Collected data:
◇ ◇ ◇ ◇ ◇

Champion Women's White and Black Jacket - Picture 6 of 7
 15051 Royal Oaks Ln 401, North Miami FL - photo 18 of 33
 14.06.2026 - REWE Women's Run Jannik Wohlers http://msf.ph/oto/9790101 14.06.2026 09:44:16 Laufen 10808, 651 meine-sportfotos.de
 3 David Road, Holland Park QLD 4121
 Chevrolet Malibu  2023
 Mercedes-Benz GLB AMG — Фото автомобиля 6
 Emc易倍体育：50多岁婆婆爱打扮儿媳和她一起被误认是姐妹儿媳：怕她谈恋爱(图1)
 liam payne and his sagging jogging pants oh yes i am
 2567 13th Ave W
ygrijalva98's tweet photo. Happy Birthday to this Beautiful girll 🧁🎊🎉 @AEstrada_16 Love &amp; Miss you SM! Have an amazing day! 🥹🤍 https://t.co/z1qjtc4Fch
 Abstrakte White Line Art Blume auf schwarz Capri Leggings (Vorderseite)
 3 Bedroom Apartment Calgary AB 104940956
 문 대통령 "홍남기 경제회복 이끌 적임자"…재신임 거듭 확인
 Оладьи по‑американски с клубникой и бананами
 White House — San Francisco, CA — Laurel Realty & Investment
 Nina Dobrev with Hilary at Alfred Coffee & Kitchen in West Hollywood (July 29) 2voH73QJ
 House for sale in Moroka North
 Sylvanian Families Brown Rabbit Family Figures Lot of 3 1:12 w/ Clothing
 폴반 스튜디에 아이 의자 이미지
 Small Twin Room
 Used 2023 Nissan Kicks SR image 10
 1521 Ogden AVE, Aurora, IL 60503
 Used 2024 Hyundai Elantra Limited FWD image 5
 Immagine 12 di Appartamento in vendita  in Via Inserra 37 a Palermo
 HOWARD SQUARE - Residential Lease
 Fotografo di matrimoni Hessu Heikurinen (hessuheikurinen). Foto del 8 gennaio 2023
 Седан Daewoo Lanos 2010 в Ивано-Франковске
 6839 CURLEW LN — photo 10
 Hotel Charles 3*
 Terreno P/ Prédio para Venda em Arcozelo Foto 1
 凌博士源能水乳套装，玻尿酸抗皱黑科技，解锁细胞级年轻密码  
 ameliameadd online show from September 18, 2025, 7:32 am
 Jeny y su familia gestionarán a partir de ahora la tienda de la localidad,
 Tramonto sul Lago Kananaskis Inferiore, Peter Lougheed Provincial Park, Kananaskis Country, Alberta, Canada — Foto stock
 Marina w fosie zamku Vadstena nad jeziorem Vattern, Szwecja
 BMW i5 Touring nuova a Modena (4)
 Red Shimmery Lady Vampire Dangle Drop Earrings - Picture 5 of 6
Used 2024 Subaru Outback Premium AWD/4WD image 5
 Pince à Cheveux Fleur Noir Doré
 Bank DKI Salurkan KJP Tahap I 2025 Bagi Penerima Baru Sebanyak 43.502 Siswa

◇ ◇ ◇ ◇ ◇

Your instructions: Only the lines from the one with "15051 Royal Oaks" through the final line above belong in the answer, each reproduced word for word.

Solved problem:
 15051 Royal Oaks Ln 401, North Miami FL - photo 18 of 33
 14.06.2026 - REWE Women's Run Jannik Wohlers http://msf.ph/oto/9790101 14.06.2026 09:44:16 Laufen 10808, 651 meine-sportfotos.de
 3 David Road, Holland Park QLD 4121
 Chevrolet Malibu  2023
 Mercedes-Benz GLB AMG — Фото автомобиля 6
 Emc易倍体育：50多岁婆婆爱打扮儿媳和她一起被误认是姐妹儿媳：怕她谈恋爱(图1)
 liam payne and his sagging jogging pants oh yes i am
 2567 13th Ave W
ygrijalva98's tweet photo. Happy Birthday to this Beautiful girll 🧁🎊🎉 @AEstrada_16 Love &amp; Miss you SM! Have an amazing day! 🥹🤍 https://t.co/z1qjtc4Fch
 Abstrakte White Line Art Blume auf schwarz Capri Leggings (Vorderseite)
 3 Bedroom Apartment Calgary AB 104940956
 문 대통령 "홍남기 경제회복 이끌 적임자"…재신임 거듭 확인
 Оладьи по‑американски с клубникой и бананами
 White House — San Francisco, CA — Laurel Realty & Investment
 Nina Dobrev with Hilary at Alfred Coffee & Kitchen in West Hollywood (July 29) 2voH73QJ
 House for sale in Moroka North
 Sylvanian Families Brown Rabbit Family Figures Lot of 3 1:12 w/ Clothing
 폴반 스튜디에 아이 의자 이미지
 Small Twin Room
 Used 2023 Nissan Kicks SR image 10
 1521 Ogden AVE, Aurora, IL 60503
 Used 2024 Hyundai Elantra Limited FWD image 5
 Immagine 12 di Appartamento in vendita  in Via Inserra 37 a Palermo
 HOWARD SQUARE - Residential Lease
 Fotografo di matrimoni Hessu Heikurinen (hessuheikurinen). Foto del 8 gennaio 2023
 Седан Daewoo Lanos 2010 в Ивано-Франковске
 6839 CURLEW LN — photo 10
 Hotel Charles 3*
 Terreno P/ Prédio para Venda em Arcozelo Foto 1
 凌博士源能水乳套装，玻尿酸抗皱黑科技，解锁细胞级年轻密码  
 ameliameadd online show from September 18, 2025, 7:32 am
 Jeny y su familia gestionarán a partir de ahora la tienda de la localidad,
 Tramonto sul Lago Kananaskis Inferiore, Peter Lougheed Provincial Park, Kananaskis Country, Alberta, Canada — Foto stock
 Marina w fosie zamku Vadstena nad jeziorem Vattern, Szwecja
 BMW i5 Touring nuova a Modena (4)
 Red Shimmery Lady Vampire Dangle Drop Earrings - Picture 5 of 6
Used 2024 Subaru Outback Premium AWD/4WD image 5
 Pince à Cheveux Fleur Noir Doré
 Bank DKI Salurkan KJP Tahap I 2025 Bagi Penerima Baru Sebanyak 43.502 Siswa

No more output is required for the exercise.